▸ TASK REQUIREMENTS
Emit a verbatim copy of the lines below from the line with "If you want to come" through the line with "Once connected properly, the", excluding pictures and everything outside that range.

▸ STORED DATA

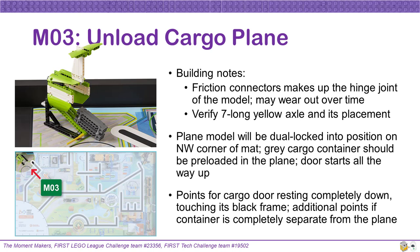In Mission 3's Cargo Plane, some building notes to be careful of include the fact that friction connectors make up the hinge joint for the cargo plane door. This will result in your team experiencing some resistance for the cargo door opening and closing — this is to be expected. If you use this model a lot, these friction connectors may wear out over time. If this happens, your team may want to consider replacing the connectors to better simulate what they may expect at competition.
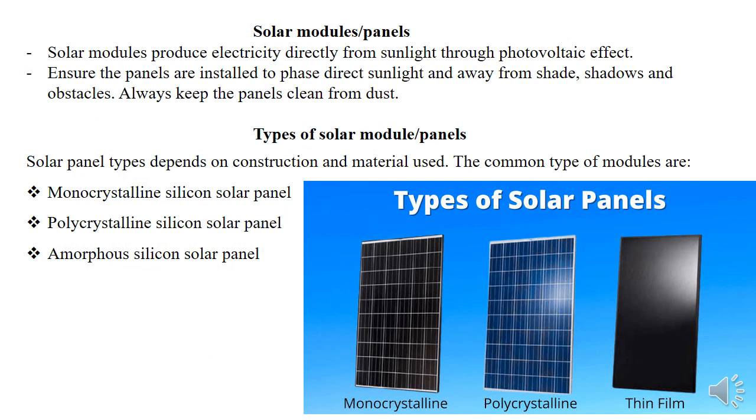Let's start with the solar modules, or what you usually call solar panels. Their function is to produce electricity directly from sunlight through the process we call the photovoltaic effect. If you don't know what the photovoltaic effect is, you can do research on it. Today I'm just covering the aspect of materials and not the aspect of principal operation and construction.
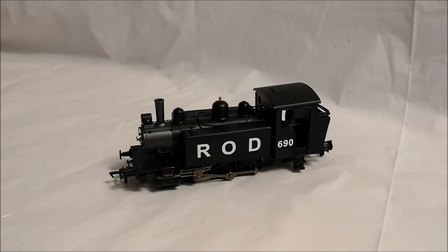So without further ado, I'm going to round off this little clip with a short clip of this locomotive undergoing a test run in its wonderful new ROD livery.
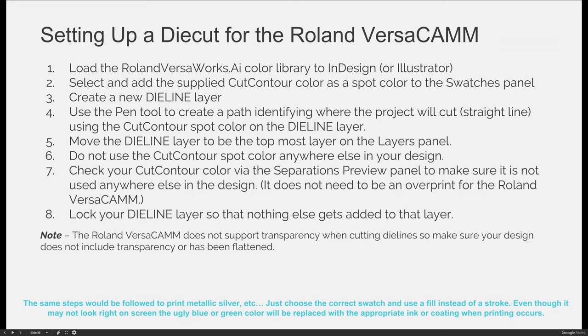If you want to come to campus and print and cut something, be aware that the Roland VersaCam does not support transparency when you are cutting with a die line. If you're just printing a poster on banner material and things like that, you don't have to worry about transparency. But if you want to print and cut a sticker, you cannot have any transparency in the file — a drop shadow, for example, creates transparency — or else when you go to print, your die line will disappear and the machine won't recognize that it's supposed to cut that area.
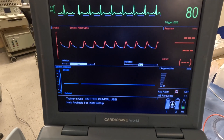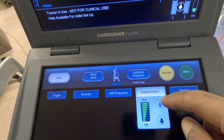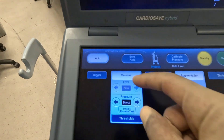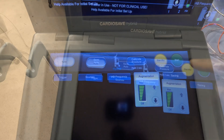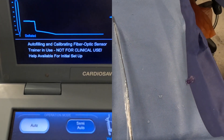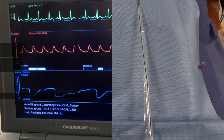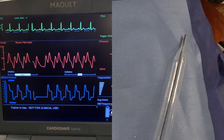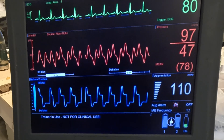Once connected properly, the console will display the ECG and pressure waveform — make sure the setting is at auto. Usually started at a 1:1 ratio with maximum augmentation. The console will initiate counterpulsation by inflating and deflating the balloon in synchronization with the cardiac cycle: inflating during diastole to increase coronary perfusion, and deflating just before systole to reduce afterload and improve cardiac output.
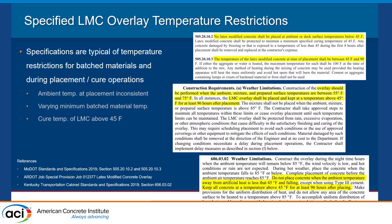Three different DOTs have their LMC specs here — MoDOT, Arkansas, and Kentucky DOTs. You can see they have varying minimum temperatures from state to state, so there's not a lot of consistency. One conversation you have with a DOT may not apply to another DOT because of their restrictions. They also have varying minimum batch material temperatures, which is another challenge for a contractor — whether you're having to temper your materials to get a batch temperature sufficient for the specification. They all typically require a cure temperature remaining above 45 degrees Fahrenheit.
---
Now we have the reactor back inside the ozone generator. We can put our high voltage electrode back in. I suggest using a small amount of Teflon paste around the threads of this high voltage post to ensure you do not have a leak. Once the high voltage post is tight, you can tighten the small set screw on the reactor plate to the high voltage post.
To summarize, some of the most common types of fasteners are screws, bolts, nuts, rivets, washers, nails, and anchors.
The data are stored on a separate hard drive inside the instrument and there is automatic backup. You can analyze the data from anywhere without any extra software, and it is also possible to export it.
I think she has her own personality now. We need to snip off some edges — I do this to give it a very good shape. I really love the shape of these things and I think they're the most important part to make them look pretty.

▸ ANSWER SECTION
If you want to come to campus and print and cut something, be aware that the Roland VersaCam does not support transparency when you are cutting with a die line. If you're just printing a poster on banner material and things like that, you don't have to worry about transparency. But if you want to print and cut a sticker, you cannot have any transparency in the file — a drop shadow, for example, creates transparency — or else when you go to print, your die line will disappear and the machine won't recognize that it's supposed to cut that area.
Once connected properly, the console will display the ECG and pressure waveform — make sure the setting is at auto. Usually started at a 1:1 ratio with maximum augmentation. The console will initiate counterpulsation by inflating and deflating the balloon in synchronization with the cardiac cycle: inflating during diastole to increase coronary perfusion, and deflating just before systole to reduce afterload and improve cardiac output.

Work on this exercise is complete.